→ Task requirements: Return the listing exactly, please; no pictures.

→ Information shown:
--------------------------------------------------
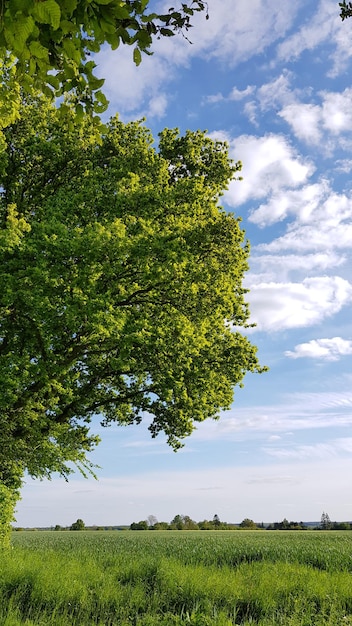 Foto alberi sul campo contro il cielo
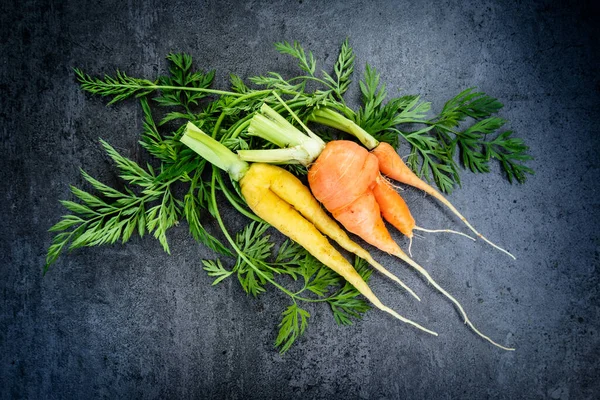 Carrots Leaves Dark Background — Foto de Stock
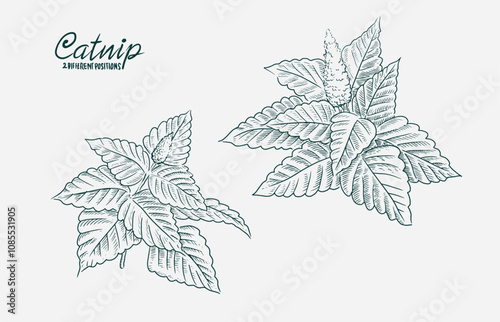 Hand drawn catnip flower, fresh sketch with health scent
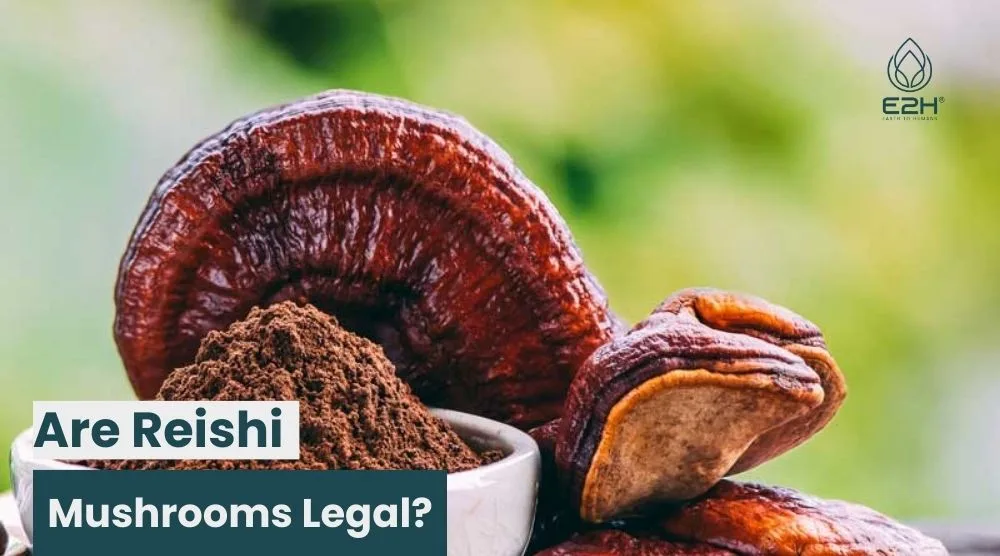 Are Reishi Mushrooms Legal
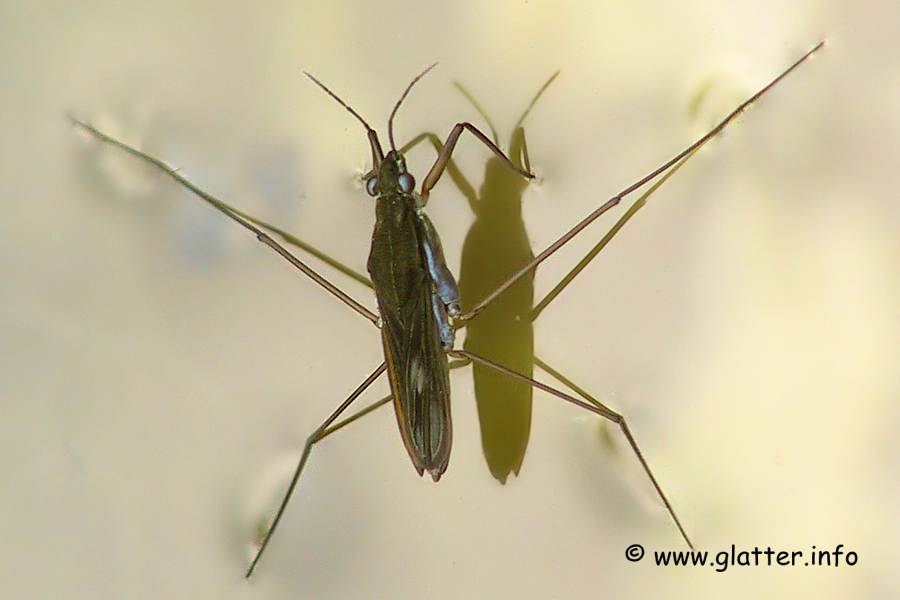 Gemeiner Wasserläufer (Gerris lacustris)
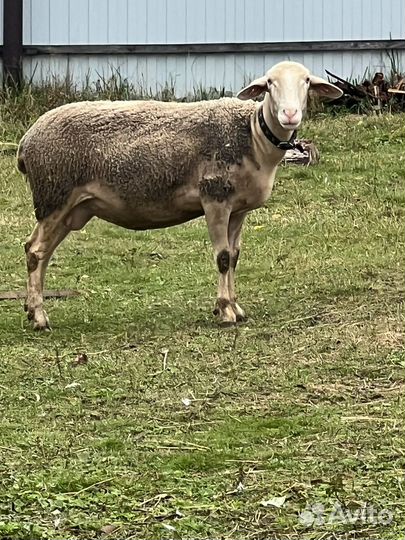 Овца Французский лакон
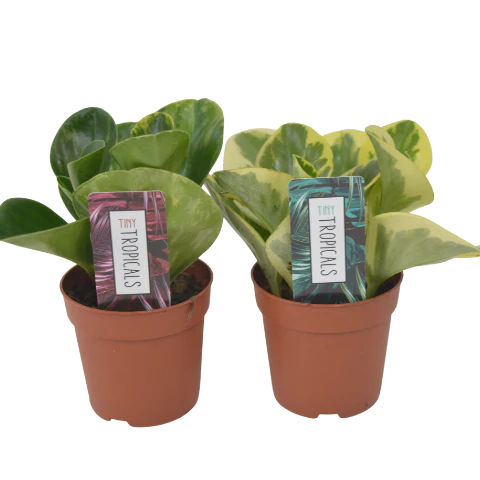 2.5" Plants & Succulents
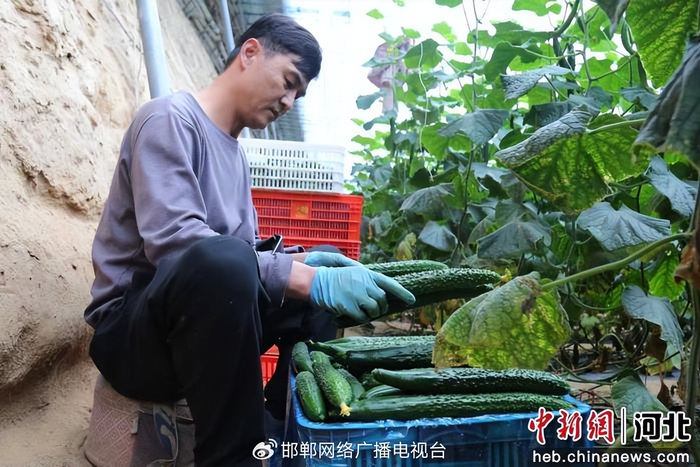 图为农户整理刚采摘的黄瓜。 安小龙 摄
--------------------------------------------------
→ Reply to the exercise:
 Foto alberi sul campo contro il cielo
 Carrots Leaves Dark Background — Foto de Stock
 Hand drawn catnip flower, fresh sketch with health scent
 Are Reishi Mushrooms Legal
 Gemeiner Wasserläufer (Gerris lacustris)
 Овца Французский лакон
 2.5" Plants & Succulents
 图为农户整理刚采摘的黄瓜。 安小龙 摄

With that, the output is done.